### Study material

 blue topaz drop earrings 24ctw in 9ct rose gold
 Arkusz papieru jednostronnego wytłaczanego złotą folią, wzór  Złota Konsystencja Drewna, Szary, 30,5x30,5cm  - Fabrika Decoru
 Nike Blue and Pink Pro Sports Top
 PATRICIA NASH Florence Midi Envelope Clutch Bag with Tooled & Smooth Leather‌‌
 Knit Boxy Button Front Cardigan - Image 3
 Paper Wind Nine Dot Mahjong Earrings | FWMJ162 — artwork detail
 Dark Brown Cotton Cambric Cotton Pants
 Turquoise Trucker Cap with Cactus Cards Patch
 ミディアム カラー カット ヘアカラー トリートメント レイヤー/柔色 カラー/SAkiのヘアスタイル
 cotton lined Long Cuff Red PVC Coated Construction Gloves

######

- Work item
Repeat the records above with every character intact.

- Response
 blue topaz drop earrings 24ctw in 9ct rose gold
 Arkusz papieru jednostronnego wytłaczanego złotą folią, wzór  Złota Konsystencja Drewna, Szary, 30,5x30,5cm  - Fabrika Decoru
 Nike Blue and Pink Pro Sports Top
 PATRICIA NASH Florence Midi Envelope Clutch Bag with Tooled & Smooth Leather‌‌
 Knit Boxy Button Front Cardigan - Image 3
 Paper Wind Nine Dot Mahjong Earrings | FWMJ162 — artwork detail
 Dark Brown Cotton Cambric Cotton Pants
 Turquoise Trucker Cap with Cactus Cards Patch
 ミディアム カラー カット ヘアカラー トリートメント レイヤー/柔色 カラー/SAkiのヘアスタイル
 cotton lined Long Cuff Red PVC Coated Construction Gloves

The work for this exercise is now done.